- **Instructions for the task**
Starting at the line with "Red Tassel Dance Skirt" and going on through the line with "Audio/Visual Cue mode selector in Settings", reproduce each line in the records below exactly and nothing more.
:: Supplied information ::
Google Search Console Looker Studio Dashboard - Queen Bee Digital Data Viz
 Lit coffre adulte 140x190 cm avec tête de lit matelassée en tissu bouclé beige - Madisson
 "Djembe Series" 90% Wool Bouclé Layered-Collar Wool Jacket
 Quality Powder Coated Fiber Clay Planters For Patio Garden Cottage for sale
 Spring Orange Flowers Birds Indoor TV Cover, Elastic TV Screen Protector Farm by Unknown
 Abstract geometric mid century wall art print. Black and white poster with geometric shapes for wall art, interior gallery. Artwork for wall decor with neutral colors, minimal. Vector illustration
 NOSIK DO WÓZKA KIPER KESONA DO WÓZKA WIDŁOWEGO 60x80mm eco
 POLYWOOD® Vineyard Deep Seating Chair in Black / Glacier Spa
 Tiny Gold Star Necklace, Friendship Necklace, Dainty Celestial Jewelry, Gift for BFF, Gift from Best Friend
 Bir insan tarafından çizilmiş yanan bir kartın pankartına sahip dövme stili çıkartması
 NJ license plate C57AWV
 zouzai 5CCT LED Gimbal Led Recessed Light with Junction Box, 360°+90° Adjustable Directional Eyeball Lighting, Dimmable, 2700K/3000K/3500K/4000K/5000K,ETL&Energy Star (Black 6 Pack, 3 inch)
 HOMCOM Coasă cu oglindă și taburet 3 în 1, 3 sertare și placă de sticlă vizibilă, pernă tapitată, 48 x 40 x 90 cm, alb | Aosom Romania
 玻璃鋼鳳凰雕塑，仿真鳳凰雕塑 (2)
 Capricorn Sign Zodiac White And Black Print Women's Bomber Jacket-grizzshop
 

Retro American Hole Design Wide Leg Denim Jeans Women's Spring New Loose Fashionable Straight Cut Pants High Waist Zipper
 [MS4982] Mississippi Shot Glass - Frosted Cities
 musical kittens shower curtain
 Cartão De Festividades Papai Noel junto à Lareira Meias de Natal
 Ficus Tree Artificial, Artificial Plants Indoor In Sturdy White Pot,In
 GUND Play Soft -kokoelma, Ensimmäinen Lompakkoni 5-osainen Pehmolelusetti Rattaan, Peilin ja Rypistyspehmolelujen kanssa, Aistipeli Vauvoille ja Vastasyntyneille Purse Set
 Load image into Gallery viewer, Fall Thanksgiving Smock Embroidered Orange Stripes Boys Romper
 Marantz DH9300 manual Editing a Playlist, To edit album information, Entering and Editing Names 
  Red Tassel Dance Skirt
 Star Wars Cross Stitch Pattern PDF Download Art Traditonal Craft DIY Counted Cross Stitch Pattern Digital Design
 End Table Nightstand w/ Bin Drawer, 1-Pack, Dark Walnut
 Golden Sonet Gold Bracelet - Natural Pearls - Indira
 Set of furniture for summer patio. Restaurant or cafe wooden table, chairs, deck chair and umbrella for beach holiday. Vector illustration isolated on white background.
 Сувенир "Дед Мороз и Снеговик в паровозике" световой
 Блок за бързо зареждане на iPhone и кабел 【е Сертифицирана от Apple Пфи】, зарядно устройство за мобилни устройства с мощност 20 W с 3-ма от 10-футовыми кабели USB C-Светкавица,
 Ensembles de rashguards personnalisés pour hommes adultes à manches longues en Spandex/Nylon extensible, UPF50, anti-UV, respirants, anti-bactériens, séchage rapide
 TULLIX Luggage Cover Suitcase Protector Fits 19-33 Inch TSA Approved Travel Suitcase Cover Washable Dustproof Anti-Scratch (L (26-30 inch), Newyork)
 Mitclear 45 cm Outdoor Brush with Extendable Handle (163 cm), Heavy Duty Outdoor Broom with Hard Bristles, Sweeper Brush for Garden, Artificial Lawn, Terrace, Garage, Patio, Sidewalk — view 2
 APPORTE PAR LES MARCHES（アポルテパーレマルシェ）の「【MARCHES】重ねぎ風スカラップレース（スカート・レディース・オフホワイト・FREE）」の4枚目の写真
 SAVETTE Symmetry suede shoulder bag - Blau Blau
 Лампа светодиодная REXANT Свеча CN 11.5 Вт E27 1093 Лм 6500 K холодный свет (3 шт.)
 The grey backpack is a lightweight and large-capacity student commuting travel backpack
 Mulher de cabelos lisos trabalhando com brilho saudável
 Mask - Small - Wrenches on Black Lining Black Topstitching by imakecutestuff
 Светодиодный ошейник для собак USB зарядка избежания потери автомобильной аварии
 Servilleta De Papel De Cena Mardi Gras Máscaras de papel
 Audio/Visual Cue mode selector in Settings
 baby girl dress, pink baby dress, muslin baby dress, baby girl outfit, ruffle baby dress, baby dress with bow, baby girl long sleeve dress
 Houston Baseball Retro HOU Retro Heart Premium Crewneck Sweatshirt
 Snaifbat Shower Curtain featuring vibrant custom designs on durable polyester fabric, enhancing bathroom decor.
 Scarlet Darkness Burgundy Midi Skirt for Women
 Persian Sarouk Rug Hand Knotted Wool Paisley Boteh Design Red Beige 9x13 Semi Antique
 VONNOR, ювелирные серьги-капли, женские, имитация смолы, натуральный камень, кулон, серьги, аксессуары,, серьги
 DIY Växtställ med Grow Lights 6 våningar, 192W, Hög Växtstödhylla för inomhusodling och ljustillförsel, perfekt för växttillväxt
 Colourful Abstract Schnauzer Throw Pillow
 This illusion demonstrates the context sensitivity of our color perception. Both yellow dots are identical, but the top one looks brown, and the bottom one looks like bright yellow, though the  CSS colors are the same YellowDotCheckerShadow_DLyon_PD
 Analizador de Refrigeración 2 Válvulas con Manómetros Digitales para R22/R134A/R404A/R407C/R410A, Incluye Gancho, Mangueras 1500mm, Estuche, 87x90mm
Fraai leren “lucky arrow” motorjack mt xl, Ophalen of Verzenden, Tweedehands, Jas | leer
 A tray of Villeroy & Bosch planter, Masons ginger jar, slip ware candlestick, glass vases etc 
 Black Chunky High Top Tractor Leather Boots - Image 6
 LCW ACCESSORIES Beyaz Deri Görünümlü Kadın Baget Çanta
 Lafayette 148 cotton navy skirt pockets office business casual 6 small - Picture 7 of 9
:::
- **Answer box**
  Red Tassel Dance Skirt
 Star Wars Cross Stitch Pattern PDF Download Art Traditonal Craft DIY Counted Cross Stitch Pattern Digital Design
 End Table Nightstand w/ Bin Drawer, 1-Pack, Dark Walnut
 Golden Sonet Gold Bracelet - Natural Pearls - Indira
 Set of furniture for summer patio. Restaurant or cafe wooden table, chairs, deck chair and umbrella for beach holiday. Vector illustration isolated on white background.
 Сувенир "Дед Мороз и Снеговик в паровозике" световой
 Блок за бързо зареждане на iPhone и кабел 【е Сертифицирана от Apple Пфи】, зарядно устройство за мобилни устройства с мощност 20 W с 3-ма от 10-футовыми кабели USB C-Светкавица,
 Ensembles de rashguards personnalisés pour hommes adultes à manches longues en Spandex/Nylon extensible, UPF50, anti-UV, respirants, anti-bactériens, séchage rapide
 TULLIX Luggage Cover Suitcase Protector Fits 19-33 Inch TSA Approved Travel Suitcase Cover Washable Dustproof Anti-Scratch (L (26-30 inch), Newyork)
 Mitclear 45 cm Outdoor Brush with Extendable Handle (163 cm), Heavy Duty Outdoor Broom with Hard Bristles, Sweeper Brush for Garden, Artificial Lawn, Terrace, Garage, Patio, Sidewalk — view 2
 APPORTE PAR LES MARCHES（アポルテパーレマルシェ）の「【MARCHES】重ねぎ風スカラップレース（スカート・レディース・オフホワイト・FREE）」の4枚目の写真
 SAVETTE Symmetry suede shoulder bag - Blau Blau
 Лампа светодиодная REXANT Свеча CN 11.5 Вт E27 1093 Лм 6500 K холодный свет (3 шт.)
 The grey backpack is a lightweight and large-capacity student commuting travel backpack
 Mulher de cabelos lisos trabalhando com brilho saudável
 Mask - Small - Wrenches on Black Lining Black Topstitching by imakecutestuff
 Светодиодный ошейник для собак USB зарядка избежания потери автомобильной аварии
 Servilleta De Papel De Cena Mardi Gras Máscaras de papel
 Audio/Visual Cue mode selector in Settings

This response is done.